The U.S has recently decided to ease the restrictions placed on Cuba from the embargo imposed in 1960. President Barack Obama plans to renew diplomatic relations with Cuba and work towards reestablishing an embassy in Havana. The embargo keeps Americans from doing business, spending money, and traveling to Cuba.
Obama hopes to “cut loose the shackles of the past, so as to reach for a better future for the Cuban people, for the American people, for our entire hemisphere and for the world.”
Obama has instructed Secretary of State John Kerry to immediately begin discussions with Cuba and work towards eliminating a decades-long ban that was placed under the Kennedy administration. Obama is said to have had a lengthy phone conversation with Cuban president Raul Castro. This marks the first attempt by the U.S. to resolve issues with Cuba.
Despite efforts to mend their relationship, the U.S. and Cuba have made it unclear whether the embargo will be fully lifted. Both countries have made the conscious effort, however, to put aside their differences in order to achieve peaceful relations.
Alan Gross, a subcontractor for the U.S. Agency for International Development, had been working on improving internet in Cuba when the Cuban court found him guilty and sentenced him to 15 years in prison. His imprisonment helped move the two countries towards trade negotiations and talks of issues like human rights and democracy.
Students and faculty at MAST have also expressed opinions on the changing status of the Cuban embargo. Sophomore Joshua Escalona is in full support of Obama’s move to normalize relations with Cuba.
“I support Obama in trying to lift the Cuban embargo. It will allow for greater business and economic opportunities,” Escalona said.
Also supporting the lift of the Cuban embargo is junior Luis Paez. “I am for the lifting of the Cuban embargo. I think it will help facilitate economic and social opportunities in Cuba,” Paez said.

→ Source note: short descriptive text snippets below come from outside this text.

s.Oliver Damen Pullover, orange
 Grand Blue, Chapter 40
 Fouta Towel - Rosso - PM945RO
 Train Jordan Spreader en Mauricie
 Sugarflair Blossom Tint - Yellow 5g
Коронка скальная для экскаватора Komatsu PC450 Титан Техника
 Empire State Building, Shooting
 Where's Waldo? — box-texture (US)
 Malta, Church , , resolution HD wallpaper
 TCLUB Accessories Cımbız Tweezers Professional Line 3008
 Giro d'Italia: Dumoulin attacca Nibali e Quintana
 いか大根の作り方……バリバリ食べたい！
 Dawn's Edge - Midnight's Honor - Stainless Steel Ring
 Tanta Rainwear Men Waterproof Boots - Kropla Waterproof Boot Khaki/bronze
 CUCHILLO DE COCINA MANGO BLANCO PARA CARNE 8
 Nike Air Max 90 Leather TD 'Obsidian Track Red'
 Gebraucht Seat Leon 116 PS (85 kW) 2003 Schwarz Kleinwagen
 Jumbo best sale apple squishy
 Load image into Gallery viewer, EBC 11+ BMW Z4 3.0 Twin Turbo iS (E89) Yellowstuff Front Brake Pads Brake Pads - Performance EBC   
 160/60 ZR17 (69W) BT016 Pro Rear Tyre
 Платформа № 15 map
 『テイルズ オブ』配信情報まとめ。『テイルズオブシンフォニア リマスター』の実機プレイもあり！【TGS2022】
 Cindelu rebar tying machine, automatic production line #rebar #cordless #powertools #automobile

Obama’s announcement to loosen the restrictions placed on Cuba has raised concerns for many Americans. The financial opportunities will no doubt open once the Cuban embargo is put to rest, but many worry for the Cuban people, and whether the embargo might enhance the oppression they endure.
Social studies teacher Richard Cabrera, for instance, is wary of the political exchanges happening between the U.S. and Cuba.
“In the lifting of the Cuban embargo there is no guarantee that the Cuban people will benefit, either economically or human rights wise,” Cabrera said.
The Obama administration’s efforts to reconcile with Cuba demonstrate the changing shift in politics. The rivalry present during the Cold War era is slowly disappearing, and the U.S. is working towards achieving strong diplomatic relations with Cuba that will foster financial and democratic reforms.